なにを考えているのか想像できず、俺が無意識に傷つけてしまっている気がして。
「私と…別れない…って選択肢はないの?」
さっきの質問には答えてくれないのか。
そういうところが……俺は嫌なんだ。
「ない……絶対に。」
しっかりと言い切り彼女に気持ちを伝える。
「……………」
だが
坂道を上がっていってやっと展望台のある場所付近に到着するという頃。
「…もし、私が………として…そうしたら…
そうすれば、一生君のそばにいれるかな?」
風がさっきより強まったせいで、さっきまで聞こえていた彼女の声がなかなか聞き取れない。

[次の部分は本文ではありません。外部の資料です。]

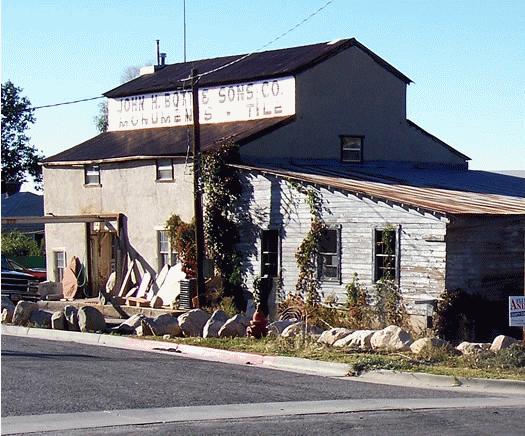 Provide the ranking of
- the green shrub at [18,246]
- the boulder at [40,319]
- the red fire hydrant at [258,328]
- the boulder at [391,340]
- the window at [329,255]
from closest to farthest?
the boulder at [391,340]
the red fire hydrant at [258,328]
the boulder at [40,319]
the window at [329,255]
the green shrub at [18,246]

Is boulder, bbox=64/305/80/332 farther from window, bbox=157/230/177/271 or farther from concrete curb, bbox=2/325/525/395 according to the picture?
window, bbox=157/230/177/271

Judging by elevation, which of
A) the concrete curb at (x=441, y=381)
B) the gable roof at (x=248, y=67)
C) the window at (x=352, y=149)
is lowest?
the concrete curb at (x=441, y=381)

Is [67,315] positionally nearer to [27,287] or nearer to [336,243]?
[336,243]

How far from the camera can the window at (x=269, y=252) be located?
28359mm

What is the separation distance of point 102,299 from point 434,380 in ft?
55.1

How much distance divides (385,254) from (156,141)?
11352 millimetres

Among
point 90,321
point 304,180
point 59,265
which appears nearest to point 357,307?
point 304,180

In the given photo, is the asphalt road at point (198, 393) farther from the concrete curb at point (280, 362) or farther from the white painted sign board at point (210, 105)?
the white painted sign board at point (210, 105)

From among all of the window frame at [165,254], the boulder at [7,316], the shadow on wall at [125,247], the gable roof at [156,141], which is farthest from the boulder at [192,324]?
the shadow on wall at [125,247]

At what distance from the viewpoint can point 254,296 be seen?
93.5ft

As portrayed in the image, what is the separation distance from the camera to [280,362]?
18281mm

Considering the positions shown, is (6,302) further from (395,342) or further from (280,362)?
(395,342)

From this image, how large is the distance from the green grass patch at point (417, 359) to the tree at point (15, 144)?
150 ft

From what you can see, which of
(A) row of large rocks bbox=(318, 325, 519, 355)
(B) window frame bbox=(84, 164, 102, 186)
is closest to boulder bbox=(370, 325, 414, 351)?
(A) row of large rocks bbox=(318, 325, 519, 355) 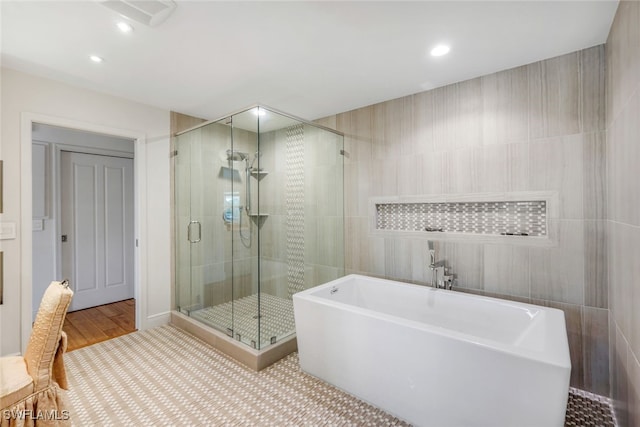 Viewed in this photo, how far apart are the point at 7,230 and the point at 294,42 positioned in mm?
2647

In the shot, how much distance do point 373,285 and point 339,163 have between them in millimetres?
1407

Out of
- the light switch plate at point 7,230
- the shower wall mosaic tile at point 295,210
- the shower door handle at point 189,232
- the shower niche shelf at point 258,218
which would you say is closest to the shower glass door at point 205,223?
the shower door handle at point 189,232

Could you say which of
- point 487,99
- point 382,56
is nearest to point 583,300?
point 487,99

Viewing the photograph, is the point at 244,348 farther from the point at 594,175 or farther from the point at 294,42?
the point at 594,175

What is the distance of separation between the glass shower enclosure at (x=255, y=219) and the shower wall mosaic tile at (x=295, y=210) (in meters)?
0.01

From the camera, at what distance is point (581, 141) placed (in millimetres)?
1982

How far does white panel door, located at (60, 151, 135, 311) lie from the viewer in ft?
11.8

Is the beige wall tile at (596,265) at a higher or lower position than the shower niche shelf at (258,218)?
lower

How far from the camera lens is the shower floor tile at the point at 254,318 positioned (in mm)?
2602

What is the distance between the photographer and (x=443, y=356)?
1.56 metres

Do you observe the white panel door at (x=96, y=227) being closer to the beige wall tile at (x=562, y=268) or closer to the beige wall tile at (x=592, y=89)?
the beige wall tile at (x=562, y=268)

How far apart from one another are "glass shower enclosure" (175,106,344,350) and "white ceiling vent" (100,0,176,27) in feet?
3.03

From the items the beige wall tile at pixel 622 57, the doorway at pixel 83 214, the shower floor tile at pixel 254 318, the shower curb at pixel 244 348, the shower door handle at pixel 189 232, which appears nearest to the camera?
the beige wall tile at pixel 622 57

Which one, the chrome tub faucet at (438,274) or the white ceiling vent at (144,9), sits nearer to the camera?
the white ceiling vent at (144,9) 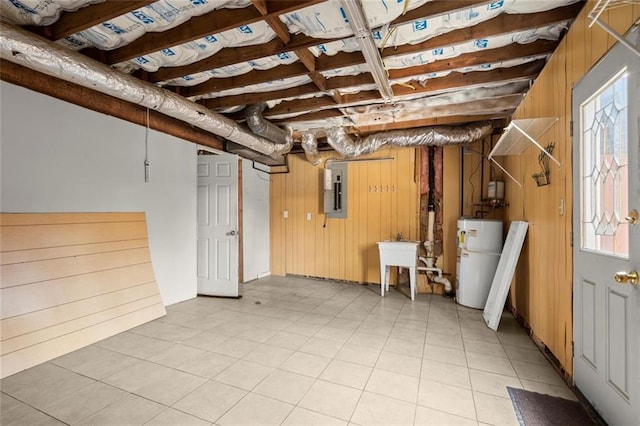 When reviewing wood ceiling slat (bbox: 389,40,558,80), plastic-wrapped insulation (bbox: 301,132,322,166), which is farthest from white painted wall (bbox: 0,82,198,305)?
wood ceiling slat (bbox: 389,40,558,80)

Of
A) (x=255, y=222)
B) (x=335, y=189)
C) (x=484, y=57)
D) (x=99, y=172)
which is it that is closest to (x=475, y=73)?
(x=484, y=57)

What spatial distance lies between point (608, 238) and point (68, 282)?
4.24 metres

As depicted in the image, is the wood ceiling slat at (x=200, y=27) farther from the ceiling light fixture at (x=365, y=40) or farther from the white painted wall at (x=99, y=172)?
the white painted wall at (x=99, y=172)

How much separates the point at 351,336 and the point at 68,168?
3.25m

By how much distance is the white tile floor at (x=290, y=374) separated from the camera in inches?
68.6

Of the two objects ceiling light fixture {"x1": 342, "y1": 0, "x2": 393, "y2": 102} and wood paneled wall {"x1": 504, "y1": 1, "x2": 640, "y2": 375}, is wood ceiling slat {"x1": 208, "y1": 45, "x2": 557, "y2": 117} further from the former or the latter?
ceiling light fixture {"x1": 342, "y1": 0, "x2": 393, "y2": 102}

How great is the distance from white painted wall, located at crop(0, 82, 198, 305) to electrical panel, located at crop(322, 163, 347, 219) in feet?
7.29

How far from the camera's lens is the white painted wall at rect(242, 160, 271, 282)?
525cm

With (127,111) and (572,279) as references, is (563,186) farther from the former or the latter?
(127,111)

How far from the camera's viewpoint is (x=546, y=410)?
1.77 m

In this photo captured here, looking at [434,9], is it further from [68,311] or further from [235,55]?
[68,311]

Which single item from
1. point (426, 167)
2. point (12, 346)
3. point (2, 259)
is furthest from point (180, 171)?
point (426, 167)

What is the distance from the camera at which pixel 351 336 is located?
114 inches

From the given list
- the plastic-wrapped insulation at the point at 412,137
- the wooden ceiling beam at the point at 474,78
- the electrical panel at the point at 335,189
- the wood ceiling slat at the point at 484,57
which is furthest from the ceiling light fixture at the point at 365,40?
the electrical panel at the point at 335,189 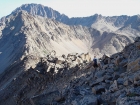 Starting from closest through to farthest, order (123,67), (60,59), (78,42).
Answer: (123,67) → (60,59) → (78,42)

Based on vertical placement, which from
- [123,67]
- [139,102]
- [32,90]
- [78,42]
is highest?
[78,42]

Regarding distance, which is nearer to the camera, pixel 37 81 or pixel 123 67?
pixel 123 67

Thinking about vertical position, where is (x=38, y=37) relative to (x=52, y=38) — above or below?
below

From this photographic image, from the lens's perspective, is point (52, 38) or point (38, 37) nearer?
point (38, 37)

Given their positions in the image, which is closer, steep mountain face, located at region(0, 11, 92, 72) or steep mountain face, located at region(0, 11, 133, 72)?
steep mountain face, located at region(0, 11, 92, 72)

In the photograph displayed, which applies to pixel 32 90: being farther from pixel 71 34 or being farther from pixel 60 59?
pixel 71 34

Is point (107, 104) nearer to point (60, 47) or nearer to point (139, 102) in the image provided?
point (139, 102)

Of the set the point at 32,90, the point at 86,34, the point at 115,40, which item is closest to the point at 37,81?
the point at 32,90

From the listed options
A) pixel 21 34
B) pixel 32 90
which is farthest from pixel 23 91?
pixel 21 34

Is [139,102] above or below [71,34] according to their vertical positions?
below

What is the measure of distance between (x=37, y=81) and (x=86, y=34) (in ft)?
410

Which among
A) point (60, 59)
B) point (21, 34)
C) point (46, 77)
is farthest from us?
point (21, 34)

でも、彼女は…友達としてやり直したいのだろう。そんな風に聞こえる。
「…うん、そうだな………友達とし……」
『ドシャリ』
と、俺の会話を遮るような鈍い音。
俺を掴んでいた彼女の手がなくなっている感覚。
まさか…と思い振り返る。
最悪の予想通りに彼女がいない。
さっきの音はなんだ、何故彼女がいない…?
多くの疑問が頭を駆け巡る。
けれど答えは一つだろう。
体が強ばり、無意識にバイクを止めて坂を走って下る。
息も忘れてしまうほど必死になって走る。
この少し急な坂から転げ落ちれば、もう命なんて……さらにバイクから落ちたんだ。
絶対に…有えないはずなのに、なのに俺は、
まだ彼女は息があって、苦しんでいるのかも知れない。
なんて考えて。
もしかしたら、俺の言葉で彼女を死なせてしまってたのでは……。
なんて、不安に駆られて…。
喉から血が出るまで走り続けた。
その末に見つけた彼女は無惨な姿だった。
けれど、俺は彼女が浮かべていた美しい笑みは、俺の頭から一生離れることがなかった。
ーーー*ーーー
「なぁなぁー!俺彼女欲しいって言ってたじゃん?」
仕事の同僚が俺の目を覗きながら言う。
「うん、何千回も聞いたよ。それがどうした?」
「いやぁ、実はさ!!」
よくぞ聞いてくれましたと言いたげな自慢するような顔つきで続ける。
「俺、合コンを取り付けたんだよ!!
だからさぁ、お前も行かねぇ?
俺の引き立てや……ゲフンゲフン。
俺の親愛なる友人だから……な!!」
何か失礼な言葉が聞こえた気がするが……。
まぁいいか。
「俺はいかねぇよ」
「えぇっ!だってお前も彼女いないだろ?
だから別に付き合ってくれたっていいじゃないか!?」
「すまんすまん。彼女は今いないけど、
俺の中にいるから。って事で俺先帰るわ」
ぽかんとしている同僚をおいて、ささっと帰る支度をし、仕事場を出る。
そう。俺には彼女はいない。
けど…………彼女はいる。
俺の心の深い深い傷として…今も共にいる。
その深い傷は俺をどんどん蝕んでいって、
全て囚われそうになる。
それを恐れると共に、何処か高揚しているのは俺の心の中にいる彼女のせいだ。